そもそも日本の地方空港はそのほとんどが赤字であるが、その分だけ飛行機の発着枠に余裕がある。つまり、LCCでもメインターミナルを使っておりボーディングブリッジ(搭乗橋)での乗り降りができる。日本のトラベラーはラッキーだとも言えるのだ。
確かに、成田空港のような駐機場に着いてバスでの移動が当たり前の空港だとそうはいかない。とはいえ、預け荷物がある場合はバスで移動している間に手荷物受取所のターンテーブルに自分の荷物が運ばれ、待つことなく荷物をピックアップできる、なんてタイミングが良いことも少なくない。
また、LCCではファーストクラスやビジネスクラス、あるいはマイレージの上級会員など手荷物を優先的に渡す乗客がいないから、エコノミークラス(国内線では普通席)の荷物が早く運ばれるのも良い。そもそも、LCCは預け荷物が有料のため、機内に持ち込む乗客が多い。預け荷物自体の数が少なめなので、あっという間に自分のスーツケースが出て来ることもしばしばだ。
チェックイン・カウンターから搭乗ゲートが近い
関西空港や那覇空港にあるLCCのターミナルは、メインターミナルにある鉄道駅などからバスで移動する必要があるが、LCC用のターミナルは簡素で床面積も狭いため、長いコンコースを延々と歩く必要がないのは助かる。
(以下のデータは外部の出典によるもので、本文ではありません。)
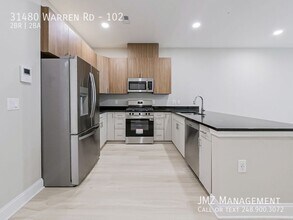 31480 Warren Rd in Westland, MI - Building Photo - Building Photo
というより、チェックイン・カウンターの壁一枚隔てた向こう側が搭乗ゲートになっているパターンも多く、この場合、ほとんど歩く必要はない。
レストランやショップの数はメインターミナルに比べると圧倒的に少ないが、コンビニ程度ならどの空港にもあり面積が狭いのでちょっとしたものを買うのも楽だったりする。もっとも、那覇と関空のLCCターミナルでは、搭乗口からしばし外を歩いて飛行機に乗る必要があるのだが……。そんなところもLCCの"味"として楽しんでいただければと思う。